Şu anda, suçu bu ölümcül hatayı işleyen istasyon şefine yükleme girişimi olabilir – ve sorumluluk gerçekten onundu – ancak gün ışığına çıkan bilgiler, bizim ve Yunan toplumunun üzerine inşa edildiği temellerin ne kadar çürük olduğunu ortaya koyuyor. Söz konusu adam 59 yaşında ve OSE’de [Yunanistan Demiryolları Örgütü] bir vagon görevlisi olarak çalışmaya başlamış.
On yıl önce, kurum içerisinde yeniden yapılan bir düzenleme kapsamında, başka bir devlet kurumuna, Eğitim Bakanlığına transfer edilmiş ama oradaki pozisyonu ve görevinin ne olduğu bilinmiyor. Bir yıl önce, Demiryolları Örgütüne geri dönmüş ve hızlı bir eğitimin ardından – altı aylık – Larissa’da istasyon şefi olarak görevlendirilmiş. Münhalin detaylarına bakıldığında, bu pozisyon için adayların 42 yaşından daha büyük olmaması gerekiyor. Raporlara göre, Larissa için iki ayrı münhal vardı: Biri deneyim gerektiren İstasyon Şefliği pozisyonu, diğeri ise hiçbir deneyim aranmayan bir pozisyon.

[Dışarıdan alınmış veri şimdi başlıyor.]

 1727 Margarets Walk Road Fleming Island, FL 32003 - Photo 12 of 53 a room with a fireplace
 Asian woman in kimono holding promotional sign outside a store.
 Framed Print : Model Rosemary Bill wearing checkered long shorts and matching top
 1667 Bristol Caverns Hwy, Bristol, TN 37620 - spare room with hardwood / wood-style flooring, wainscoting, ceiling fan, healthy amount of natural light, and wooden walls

Söz konusu adamın deneyimi vardı, ancak vagon görevlisi olarak. Yine de çok büyük sorumluluk gerektiren bir göreve getirilmişti. [Bu kişide] Hangi nitelikler arandı, hangi vasıfları yeterli görüldü, kim aracı oldu, nasıl bir desteği vardı? Tüm bu insanlar geceleri rahat uyuyabiliyor mu? Tek sorumlu o mu?
Bu kadar ciddi bir sorumluluğu tek bir kişiye yüklemekle kalmadılar, bu kişinin, en azından, resmen gerekli olan vasıflara sahip olup olmadığından emin olmadılar. Demiryollarını modernleştirmeden milyarların kaybedilmesi yetmedi, hayatta olmalarının şansa bağlı olduğunu bilmeyen insanlarla dolu trenlerin hareketini kontrol etmek de bir vagon görevlisi niteliklerine sahip bir adama bırakıldı, ama bazen şans yeterli olmuyor.